Parce qu’il s’agit ici de « La belle amour humaine »

Résumer un roman tel que  « La belle amour humaine » de Lyonel Trouillot reviendrait à tenter l’exercice farfelu de définir la complexité des personnages évoluant dans cette sphère romanesque. Mais comme Thomas l’a si bien dit: « on ne résume pas un humain ». Alors on peut toujours s’embarquer à bord de la voiture de Thomas, pour suivre le trajet de Port-au-Prince à Anse-a-Fôleur, se fondre dans la multitude disparate de la ville, se saouler de tous ses bruits, emprunter la nationale pour atteindre ce lieudit d’Anse-a-Fôleur ou vingt ans plus tôt avait pris naissance un mystère jamais élucidé.

Une nuit, les deux maisons jumelles de l’homme d’affaires Robert Montes et du colonel Pierre André Pierre brulèrent sans que leurs propriétaires ne pussent s’échapper. Était-ce un accident ? Un crime collectif ? Dans ce village côtier du Nord-Ouest, personne n’a rien vu (du moins le soutiennent-ils).Voilà qu’une vingtaine d’années plus tard, la petite fille de Robert Montes débarque.

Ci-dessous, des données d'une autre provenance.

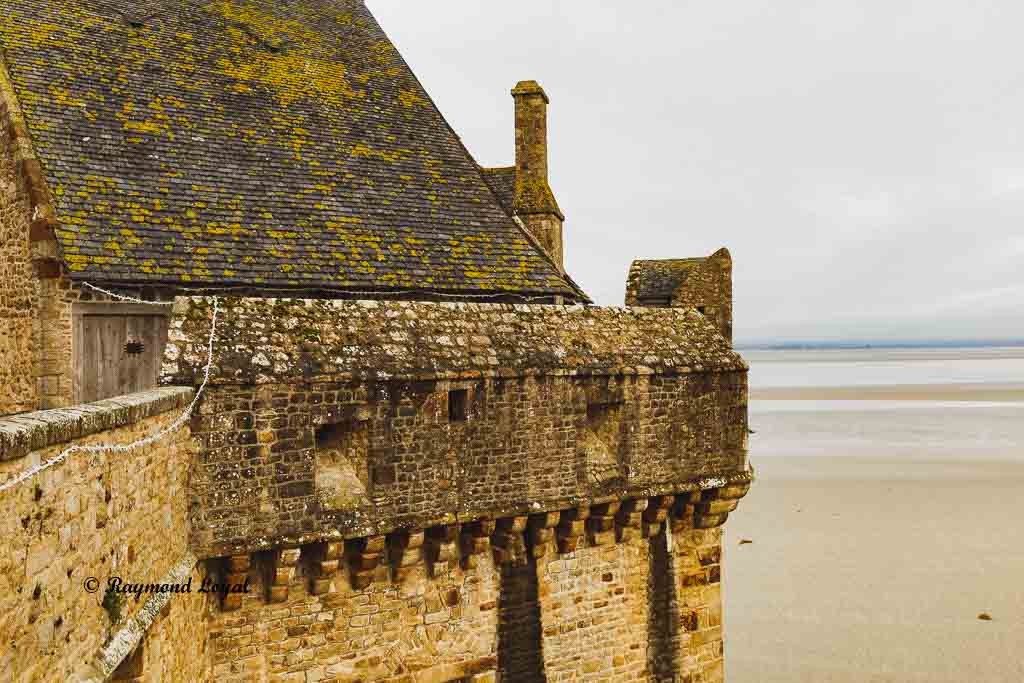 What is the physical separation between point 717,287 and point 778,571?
7504mm

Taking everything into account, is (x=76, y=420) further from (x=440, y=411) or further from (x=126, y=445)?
(x=440, y=411)

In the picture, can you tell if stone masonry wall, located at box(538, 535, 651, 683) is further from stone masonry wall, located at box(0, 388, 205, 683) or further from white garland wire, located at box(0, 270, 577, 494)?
white garland wire, located at box(0, 270, 577, 494)

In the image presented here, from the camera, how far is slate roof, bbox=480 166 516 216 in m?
19.0

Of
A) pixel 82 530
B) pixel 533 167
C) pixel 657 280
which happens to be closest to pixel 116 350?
pixel 82 530

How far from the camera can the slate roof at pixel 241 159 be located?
11.3 metres

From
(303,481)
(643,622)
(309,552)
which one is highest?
(303,481)

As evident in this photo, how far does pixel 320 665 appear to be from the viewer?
7.53 metres

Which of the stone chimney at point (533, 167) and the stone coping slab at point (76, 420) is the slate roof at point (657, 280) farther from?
the stone coping slab at point (76, 420)

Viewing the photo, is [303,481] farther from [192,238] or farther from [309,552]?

Elle est en quête de réponse, d’une meilleure compréhension de l’inconnu que fut son père. Son nom est Anaïse, un nom doté d’une grande saveur locale. Mais ne vous y fiez pas, c’est une occidentale matérialiste, venue d’une des grandes capitales du monde.

Tout au long du trajet, les mots de Thomas vont emplir l’espace clos de la voiture. Son flux de paroles nous peint Anse-a-Fôleur, ce lieu où chaque habitant souffre de la maladie de la mer, où l’étranger est reçu avec chaleur et bienveillance. Là-bas, quelques familles évoluent dans une fraternité parfaite. Plus que de l’affabilité, c’est leur amitié que ces hommes et ces femmes offrent à l’inspecteur venu de la capitale suite à l’incendie des « belles jumelles » et plus tard à Anaïse. Un accueil qui les pousse, chacun à leur tour à se poser la seule question qui compte réellement : quel usage faut-il faire de sa présence au monde ?…Doit on la porter à étendre sa domination sur les autres comme le firent l’homme d’affaires et le colonel ?ou alors faire le don de son rire, de sa lumière intérieure à ceux qui nous entourent.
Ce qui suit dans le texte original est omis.